藤井敏道氏・セメント協会 生産・環境幹事会幹事長/三菱マテリアル株式会社 常務取締役に聞く[後編]
縁の下の力持ち、セメントの循環型社会への貢献
松本 真由美
国際環境経済研究所理事、東京大学客員准教授
日本は世界トップのエネルギー効率で貢献を
――セメントというと堤防やダム、コンクリートで固めるものという表の部分しか見えにくいですが、実際には資源リサイクルに大きく貢献していることに認識を新たにしました。

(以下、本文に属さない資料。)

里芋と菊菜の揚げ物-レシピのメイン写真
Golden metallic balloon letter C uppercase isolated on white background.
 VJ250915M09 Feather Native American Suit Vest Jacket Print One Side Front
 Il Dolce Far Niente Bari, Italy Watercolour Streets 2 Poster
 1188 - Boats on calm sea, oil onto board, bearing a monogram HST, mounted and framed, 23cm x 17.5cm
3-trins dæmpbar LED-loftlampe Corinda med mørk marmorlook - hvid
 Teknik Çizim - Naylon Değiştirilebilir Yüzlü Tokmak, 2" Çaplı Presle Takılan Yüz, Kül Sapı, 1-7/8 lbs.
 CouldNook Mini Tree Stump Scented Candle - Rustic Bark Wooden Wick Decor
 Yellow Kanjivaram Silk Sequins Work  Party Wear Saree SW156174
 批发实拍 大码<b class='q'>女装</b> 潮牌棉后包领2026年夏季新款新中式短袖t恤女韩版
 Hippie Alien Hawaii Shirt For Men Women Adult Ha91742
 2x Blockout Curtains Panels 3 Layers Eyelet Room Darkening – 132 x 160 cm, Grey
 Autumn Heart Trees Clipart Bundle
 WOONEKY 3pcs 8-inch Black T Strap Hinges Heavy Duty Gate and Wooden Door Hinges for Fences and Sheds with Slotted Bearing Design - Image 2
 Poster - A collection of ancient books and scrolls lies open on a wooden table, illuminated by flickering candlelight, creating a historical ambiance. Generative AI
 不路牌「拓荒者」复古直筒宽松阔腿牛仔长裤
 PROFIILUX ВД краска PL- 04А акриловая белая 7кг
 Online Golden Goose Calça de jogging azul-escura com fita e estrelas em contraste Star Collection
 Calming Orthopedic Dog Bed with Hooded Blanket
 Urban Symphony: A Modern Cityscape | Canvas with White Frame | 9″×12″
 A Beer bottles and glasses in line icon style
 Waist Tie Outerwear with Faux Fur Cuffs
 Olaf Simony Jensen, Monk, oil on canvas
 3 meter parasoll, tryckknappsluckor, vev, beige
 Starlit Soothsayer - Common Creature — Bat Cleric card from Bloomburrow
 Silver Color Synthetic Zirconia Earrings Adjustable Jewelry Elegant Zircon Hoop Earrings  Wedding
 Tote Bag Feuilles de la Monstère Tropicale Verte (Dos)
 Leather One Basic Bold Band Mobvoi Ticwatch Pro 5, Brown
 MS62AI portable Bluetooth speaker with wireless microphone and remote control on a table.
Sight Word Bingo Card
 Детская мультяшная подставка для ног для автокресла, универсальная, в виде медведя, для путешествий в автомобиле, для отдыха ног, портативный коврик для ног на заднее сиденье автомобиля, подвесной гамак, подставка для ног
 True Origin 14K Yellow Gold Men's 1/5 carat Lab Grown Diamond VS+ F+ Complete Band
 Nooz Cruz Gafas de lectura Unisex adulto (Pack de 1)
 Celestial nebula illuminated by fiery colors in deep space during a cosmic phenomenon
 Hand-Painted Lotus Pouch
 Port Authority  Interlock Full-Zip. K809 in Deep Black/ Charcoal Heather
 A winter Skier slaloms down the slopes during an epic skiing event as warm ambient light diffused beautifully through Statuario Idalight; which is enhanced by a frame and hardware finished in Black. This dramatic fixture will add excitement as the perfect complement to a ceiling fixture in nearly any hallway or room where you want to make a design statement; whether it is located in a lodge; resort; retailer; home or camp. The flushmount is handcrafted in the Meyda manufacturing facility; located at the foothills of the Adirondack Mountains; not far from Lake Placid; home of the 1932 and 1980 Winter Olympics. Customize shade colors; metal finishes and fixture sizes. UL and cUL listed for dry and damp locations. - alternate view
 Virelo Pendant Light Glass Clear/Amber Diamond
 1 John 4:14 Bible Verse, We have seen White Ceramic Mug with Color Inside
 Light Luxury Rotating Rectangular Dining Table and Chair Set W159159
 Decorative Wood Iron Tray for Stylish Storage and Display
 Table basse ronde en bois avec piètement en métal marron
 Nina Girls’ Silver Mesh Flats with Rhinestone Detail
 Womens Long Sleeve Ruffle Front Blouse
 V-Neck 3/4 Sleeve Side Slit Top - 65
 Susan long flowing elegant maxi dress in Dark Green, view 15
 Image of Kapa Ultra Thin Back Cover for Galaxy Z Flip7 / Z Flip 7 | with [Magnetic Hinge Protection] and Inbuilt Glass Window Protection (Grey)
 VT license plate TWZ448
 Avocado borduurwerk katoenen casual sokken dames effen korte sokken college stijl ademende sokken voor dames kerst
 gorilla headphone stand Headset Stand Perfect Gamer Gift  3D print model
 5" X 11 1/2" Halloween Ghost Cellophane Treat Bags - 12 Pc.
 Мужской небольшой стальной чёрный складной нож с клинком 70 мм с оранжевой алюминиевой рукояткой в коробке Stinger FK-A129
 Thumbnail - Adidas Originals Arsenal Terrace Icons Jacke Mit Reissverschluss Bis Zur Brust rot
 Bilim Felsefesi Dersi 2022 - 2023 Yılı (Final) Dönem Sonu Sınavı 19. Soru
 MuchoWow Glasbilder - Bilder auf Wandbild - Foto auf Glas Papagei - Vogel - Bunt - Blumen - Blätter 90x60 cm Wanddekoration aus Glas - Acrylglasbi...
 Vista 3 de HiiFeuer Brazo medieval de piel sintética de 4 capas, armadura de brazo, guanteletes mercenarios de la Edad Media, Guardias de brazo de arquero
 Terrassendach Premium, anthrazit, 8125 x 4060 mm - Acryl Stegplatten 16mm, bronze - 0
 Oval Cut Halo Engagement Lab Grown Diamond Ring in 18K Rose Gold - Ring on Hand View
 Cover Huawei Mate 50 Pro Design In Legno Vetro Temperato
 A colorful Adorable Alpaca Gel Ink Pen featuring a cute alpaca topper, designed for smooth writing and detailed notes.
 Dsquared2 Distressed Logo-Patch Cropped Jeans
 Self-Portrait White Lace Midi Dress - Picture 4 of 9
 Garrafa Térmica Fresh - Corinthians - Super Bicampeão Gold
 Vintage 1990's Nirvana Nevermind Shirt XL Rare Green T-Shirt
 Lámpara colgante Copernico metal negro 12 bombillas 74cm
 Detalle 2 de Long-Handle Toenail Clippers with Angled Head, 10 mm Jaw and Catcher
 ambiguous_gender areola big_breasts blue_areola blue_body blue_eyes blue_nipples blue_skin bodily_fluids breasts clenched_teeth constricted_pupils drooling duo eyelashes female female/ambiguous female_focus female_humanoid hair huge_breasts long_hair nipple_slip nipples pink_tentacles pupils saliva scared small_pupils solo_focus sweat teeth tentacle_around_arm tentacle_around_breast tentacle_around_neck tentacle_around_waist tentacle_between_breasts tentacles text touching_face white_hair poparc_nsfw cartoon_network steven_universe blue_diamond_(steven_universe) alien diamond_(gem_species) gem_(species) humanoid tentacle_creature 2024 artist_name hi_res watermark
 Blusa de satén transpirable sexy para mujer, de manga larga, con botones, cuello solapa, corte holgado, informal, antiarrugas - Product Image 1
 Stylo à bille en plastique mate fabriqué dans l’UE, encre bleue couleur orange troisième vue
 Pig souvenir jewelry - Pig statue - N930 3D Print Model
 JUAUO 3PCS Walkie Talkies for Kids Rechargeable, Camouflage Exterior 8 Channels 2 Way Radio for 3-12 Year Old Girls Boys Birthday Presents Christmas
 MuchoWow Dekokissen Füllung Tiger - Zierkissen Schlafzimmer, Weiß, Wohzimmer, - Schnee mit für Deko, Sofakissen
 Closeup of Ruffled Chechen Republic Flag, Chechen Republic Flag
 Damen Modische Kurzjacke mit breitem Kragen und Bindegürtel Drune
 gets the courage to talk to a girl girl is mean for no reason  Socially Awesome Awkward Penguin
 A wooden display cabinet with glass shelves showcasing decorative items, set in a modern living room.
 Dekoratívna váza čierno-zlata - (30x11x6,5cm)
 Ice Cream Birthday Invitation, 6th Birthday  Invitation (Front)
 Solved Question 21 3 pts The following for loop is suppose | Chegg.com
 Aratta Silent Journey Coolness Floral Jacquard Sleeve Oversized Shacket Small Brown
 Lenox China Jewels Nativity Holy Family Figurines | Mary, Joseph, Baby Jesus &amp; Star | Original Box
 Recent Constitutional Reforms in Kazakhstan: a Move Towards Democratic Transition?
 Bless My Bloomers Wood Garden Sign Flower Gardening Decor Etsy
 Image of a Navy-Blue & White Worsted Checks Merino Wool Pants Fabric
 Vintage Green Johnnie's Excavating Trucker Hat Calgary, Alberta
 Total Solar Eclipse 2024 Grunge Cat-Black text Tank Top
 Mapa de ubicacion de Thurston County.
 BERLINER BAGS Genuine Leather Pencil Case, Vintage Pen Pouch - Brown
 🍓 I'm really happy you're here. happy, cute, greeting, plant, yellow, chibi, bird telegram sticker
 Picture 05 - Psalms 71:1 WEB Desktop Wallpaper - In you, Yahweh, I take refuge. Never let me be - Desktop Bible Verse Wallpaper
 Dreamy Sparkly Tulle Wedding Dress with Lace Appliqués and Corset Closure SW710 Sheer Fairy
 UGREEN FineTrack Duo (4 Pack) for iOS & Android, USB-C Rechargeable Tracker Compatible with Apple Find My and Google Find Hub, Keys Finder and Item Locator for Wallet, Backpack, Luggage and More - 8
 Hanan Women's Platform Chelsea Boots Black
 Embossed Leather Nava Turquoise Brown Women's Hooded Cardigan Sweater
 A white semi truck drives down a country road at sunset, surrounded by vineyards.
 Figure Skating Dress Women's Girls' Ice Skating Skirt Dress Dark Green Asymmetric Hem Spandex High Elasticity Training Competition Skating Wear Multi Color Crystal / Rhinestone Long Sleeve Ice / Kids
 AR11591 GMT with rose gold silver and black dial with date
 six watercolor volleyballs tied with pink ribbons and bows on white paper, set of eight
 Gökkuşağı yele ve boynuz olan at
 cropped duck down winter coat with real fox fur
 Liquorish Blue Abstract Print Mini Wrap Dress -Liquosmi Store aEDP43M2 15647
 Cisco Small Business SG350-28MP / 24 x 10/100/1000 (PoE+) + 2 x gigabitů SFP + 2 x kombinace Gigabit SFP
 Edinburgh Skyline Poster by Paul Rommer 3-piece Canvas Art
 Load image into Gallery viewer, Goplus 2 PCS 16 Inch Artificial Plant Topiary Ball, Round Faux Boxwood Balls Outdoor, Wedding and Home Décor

藤井:セメントは、エネルギー多消費産業です。そのため産業の効率化、エネルギー効率からいうと日本を100とすると他国というのは全然レベルが違います。
――たしかにずいぶん違いますね。
藤井:国際的にエネルギー効率のいい技術を提供し貢献する。私ども国際会議などでさまざまな技術支援を呼び掛けています。エネルギー効率が他国より優れているのは、日本は地震もありますので、それに対応できるような非常に高品質のセメントを作っています。セメントを作る上でできるだけ資源効率を向上させるために、省エネルギーも積極的に取り組んできた。それで世界的にトップの位置にあるといえるでしょう。
――セメントの国内需要はどのような状況ですか。
藤井:昨年のセメントの国内需要は年間4160万トンでしたが、実は最盛期の半分以下に落ちています。(セメントの国内需要は、バブル経済終盤の1990年度に8628万トンとなりピークを記録)
――十数年で大きくグラフが動いていますね。
藤井:これが今の日本の実情です。セメント業界ではこれに対応すべく生産力を落としてきた。しかし、このままどんどん減っていくかというと、そうではないと思います。セメントが安定的に社会基盤のインフラ整備に必要だからです。たとえば先進国では、国民1人当たりセメントは年間300キロから400キロ使われているレベルですが、中国では1人当たり1トン以上使っています。日本も、社会基盤を整備する時にはコンクリートを使いますからぐっと伸びてきたが、ある程度整備できたところで安定状態になった。さまざまな災害対策を含め、若干生産力が戻るかもしれませんが、昔のようなことはないでしょう。しかし、社会インフラの整備だけではなくて、循環型社会を築く上でもセメント産業は必要不可欠です。新興国ではセメント需要が増えているので、日本のセメント産業は海外進出を積極的にやっていくことになると思います。